06/15/2026
Taken from The Thyroid Health Project:
“I've read too many cardiac autopsies to not share this with you. If you have Hashimoto's, I need to tell you something your endocrinologist isn't seeing.
I've reviewed 5,800+ cardiac cases in 19 years as a cardiologist.
When a woman walks into her endocrinologist's office for her annual Hashimoto's check, I already know what her cardiac imaging will show 5 to 10 years before she ever feels chest pain.
Her heart is starving.
The same problem causing her weight gain and her fatigue is silently weakening her heart muscle right now.
I'm Dr. Helen Marshall. Cardiologist. 19 years.
When I was diagnosed with Hashimoto's at 47, I knew something endocrinologists never tell their patients.
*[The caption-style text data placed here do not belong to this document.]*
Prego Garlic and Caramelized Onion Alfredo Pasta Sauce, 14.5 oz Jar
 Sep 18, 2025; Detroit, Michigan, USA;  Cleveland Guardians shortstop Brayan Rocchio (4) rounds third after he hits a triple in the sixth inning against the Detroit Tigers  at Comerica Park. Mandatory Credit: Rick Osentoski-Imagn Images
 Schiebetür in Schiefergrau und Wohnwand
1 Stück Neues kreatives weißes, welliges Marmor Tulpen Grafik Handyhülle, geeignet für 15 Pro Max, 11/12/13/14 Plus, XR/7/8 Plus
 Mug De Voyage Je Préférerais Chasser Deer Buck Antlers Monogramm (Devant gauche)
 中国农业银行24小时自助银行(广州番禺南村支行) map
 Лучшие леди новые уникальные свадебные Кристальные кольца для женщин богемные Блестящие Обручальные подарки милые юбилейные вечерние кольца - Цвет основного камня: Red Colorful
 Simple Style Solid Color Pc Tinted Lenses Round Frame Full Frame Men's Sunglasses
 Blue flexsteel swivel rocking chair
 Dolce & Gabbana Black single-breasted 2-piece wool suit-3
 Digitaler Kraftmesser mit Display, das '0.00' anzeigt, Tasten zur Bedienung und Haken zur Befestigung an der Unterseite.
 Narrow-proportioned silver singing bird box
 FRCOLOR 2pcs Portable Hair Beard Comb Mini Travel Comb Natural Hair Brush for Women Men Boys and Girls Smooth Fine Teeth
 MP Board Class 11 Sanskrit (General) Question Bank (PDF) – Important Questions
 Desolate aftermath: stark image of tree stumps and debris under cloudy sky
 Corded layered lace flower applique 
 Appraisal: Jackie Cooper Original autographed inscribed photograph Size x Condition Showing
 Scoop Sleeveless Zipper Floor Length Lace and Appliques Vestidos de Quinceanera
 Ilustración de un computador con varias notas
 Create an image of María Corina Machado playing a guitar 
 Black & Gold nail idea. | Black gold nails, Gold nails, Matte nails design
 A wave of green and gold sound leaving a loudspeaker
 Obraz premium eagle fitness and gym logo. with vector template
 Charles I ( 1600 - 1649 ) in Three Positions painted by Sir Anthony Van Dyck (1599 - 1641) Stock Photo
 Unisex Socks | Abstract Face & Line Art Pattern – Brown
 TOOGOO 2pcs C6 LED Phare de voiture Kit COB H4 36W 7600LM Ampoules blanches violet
Your Hashimoto's isn't a thyroid problem. It's a system-wide problem. And your heart is on the list.
Endocrinologists test your TSH. Adjust your pill if it drifts. Send you home.
They don't see you 5 to 10 years later when you're in my cath lab with crushing chest pain.
But I do.
The 54-year-old. Levothyroxine for 14 years. TSH always 2.1. Doctor pleased with her at every appointment. Came in last spring out of breath climbing the stairs at her grandson's birthday party. Her echocardiogram showed early heart failure. I ordered a Free T3. It came back at 1.6. The bottom of the lab range is 2.0. Her heart had been starving for years while her endocrinologist kept telling her she was managed.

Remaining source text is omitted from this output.